BEGIN Recorded data

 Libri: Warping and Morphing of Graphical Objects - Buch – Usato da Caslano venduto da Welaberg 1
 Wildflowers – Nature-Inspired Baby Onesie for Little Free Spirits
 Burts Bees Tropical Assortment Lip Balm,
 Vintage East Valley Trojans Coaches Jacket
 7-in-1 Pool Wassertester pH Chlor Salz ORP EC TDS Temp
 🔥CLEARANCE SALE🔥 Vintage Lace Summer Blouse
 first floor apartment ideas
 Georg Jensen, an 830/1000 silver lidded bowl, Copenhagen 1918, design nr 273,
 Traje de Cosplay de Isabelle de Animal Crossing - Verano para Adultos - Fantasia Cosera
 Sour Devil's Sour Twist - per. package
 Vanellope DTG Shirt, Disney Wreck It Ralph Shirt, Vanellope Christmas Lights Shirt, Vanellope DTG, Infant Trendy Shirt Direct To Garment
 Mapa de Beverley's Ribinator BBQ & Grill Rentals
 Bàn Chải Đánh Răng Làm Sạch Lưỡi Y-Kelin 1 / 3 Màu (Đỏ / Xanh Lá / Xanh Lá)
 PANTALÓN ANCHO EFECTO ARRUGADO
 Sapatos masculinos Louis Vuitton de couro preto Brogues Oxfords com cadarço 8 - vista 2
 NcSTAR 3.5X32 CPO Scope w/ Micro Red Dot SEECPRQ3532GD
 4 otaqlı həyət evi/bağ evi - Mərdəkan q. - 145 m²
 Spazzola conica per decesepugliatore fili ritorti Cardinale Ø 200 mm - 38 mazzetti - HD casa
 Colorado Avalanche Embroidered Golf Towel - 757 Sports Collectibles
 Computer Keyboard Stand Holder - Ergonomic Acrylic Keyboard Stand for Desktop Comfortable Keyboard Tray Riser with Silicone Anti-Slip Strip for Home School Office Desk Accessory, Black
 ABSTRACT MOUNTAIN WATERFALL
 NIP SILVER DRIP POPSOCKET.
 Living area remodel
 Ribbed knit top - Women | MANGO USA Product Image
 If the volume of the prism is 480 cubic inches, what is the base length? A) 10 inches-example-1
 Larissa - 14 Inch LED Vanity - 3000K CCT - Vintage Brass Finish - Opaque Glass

END Recorded data

Goal of the exercise: Go over the records above line by line and count those holding the word "Vintage". Reply only with the number.

Answer: 3